Down to the last line, restate the records word for word, but not the pictures.

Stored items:
○ ○ ○ ○ ○
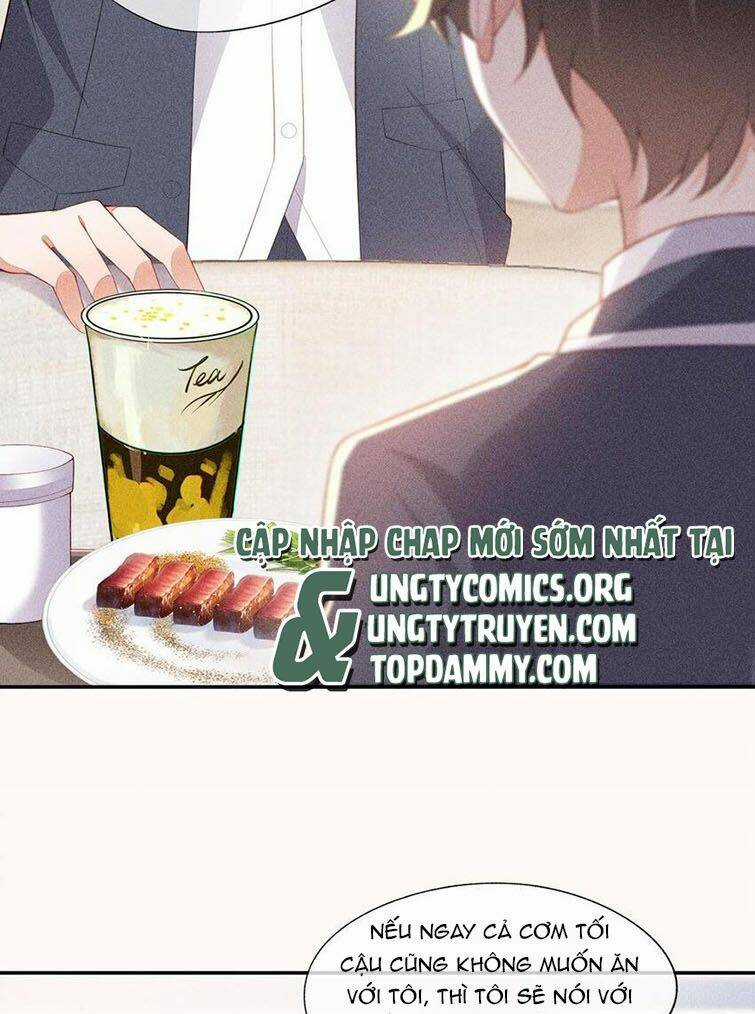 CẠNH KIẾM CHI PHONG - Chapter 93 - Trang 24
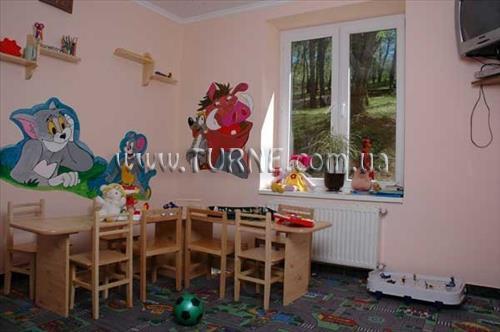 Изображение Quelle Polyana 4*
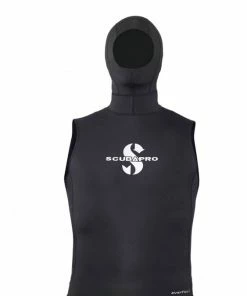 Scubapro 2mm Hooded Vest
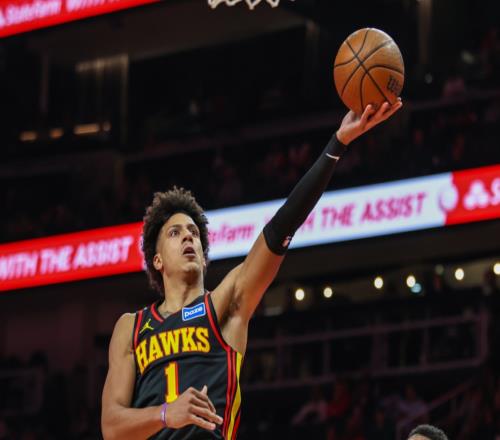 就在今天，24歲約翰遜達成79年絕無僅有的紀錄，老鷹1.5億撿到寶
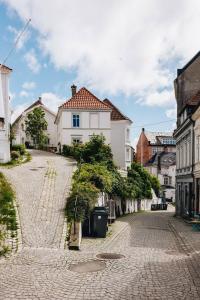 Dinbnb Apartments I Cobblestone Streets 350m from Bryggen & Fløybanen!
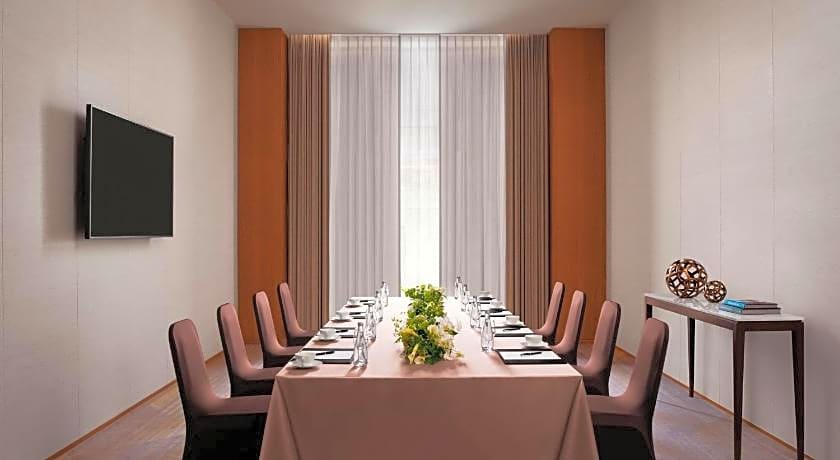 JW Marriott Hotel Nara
○ ○ ○ ○ ○
The completed task -
 CẠNH KIẾM CHI PHONG - Chapter 93 - Trang 24
 Изображение Quelle Polyana 4*
 Scubapro 2mm Hooded Vest
 就在今天，24歲約翰遜達成79年絕無僅有的紀錄，老鷹1.5億撿到寶
 Dinbnb Apartments I Cobblestone Streets 350m from Bryggen & Fløybanen!
 JW Marriott Hotel Nara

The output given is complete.